TEXAS ‘COULD BREAK THE 100,000 DEATH MARK’
Hotez calls for second booster shot for health care workers as omicron surges
When we last checked in with Dr. Peter Hotez about the coronavirus pandemic, the omicron variant felt like a creeping menace on the periphery. Hotez — dean of the National School of Tropical Medicine at Baylor College of Medicine and co-director of the Center for Vaccine Development at Texas Children’s Hospital — at the time thought the delta variant was of sufficient concern for a city, state and nation greatly under-vaccinated. Here we are a few weeks later and omicron appears to have stepped in to relieve delta of its duty, with high rates of transmission and varying reports of severity of symptoms.

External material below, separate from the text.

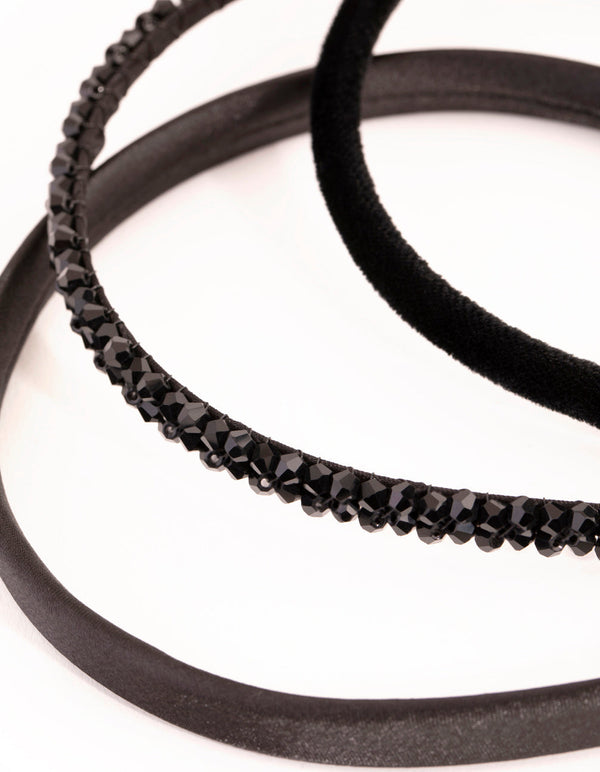 Beaded Velvet and Satin Headband 3-Pack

A peak week or two for travel won’t likely halt its progression.
Hotez spoke about the urgency in vaccinating the Southern Hemisphere, where omicron is believed to have originated, and repeated his mantra for our nation, where vaccines remain widely available.
This interview has been lightly edited for length and clarity.
Q: When we talked two weeks ago, I wondered if it was too early to discuss omicron. How would you summarize how we are now in Houston or Texas?
A: In terms of the individual person, we can go through four or five different groups. Group 1 is the unvaccinated, and we have a lot here in Texas since we have only about half the state vaccinated. That’s a huge concern. They will once again get sick and go into hospitals across the state. We’ve now lost 20,000 unvaccinated Texans since June. Those are people who needlessly lost their lives because they were defiant of vaccinations or refused vaccination for some reason. And those numbers could potentially double. We could break the 100,000 death mark in Texas by Q1.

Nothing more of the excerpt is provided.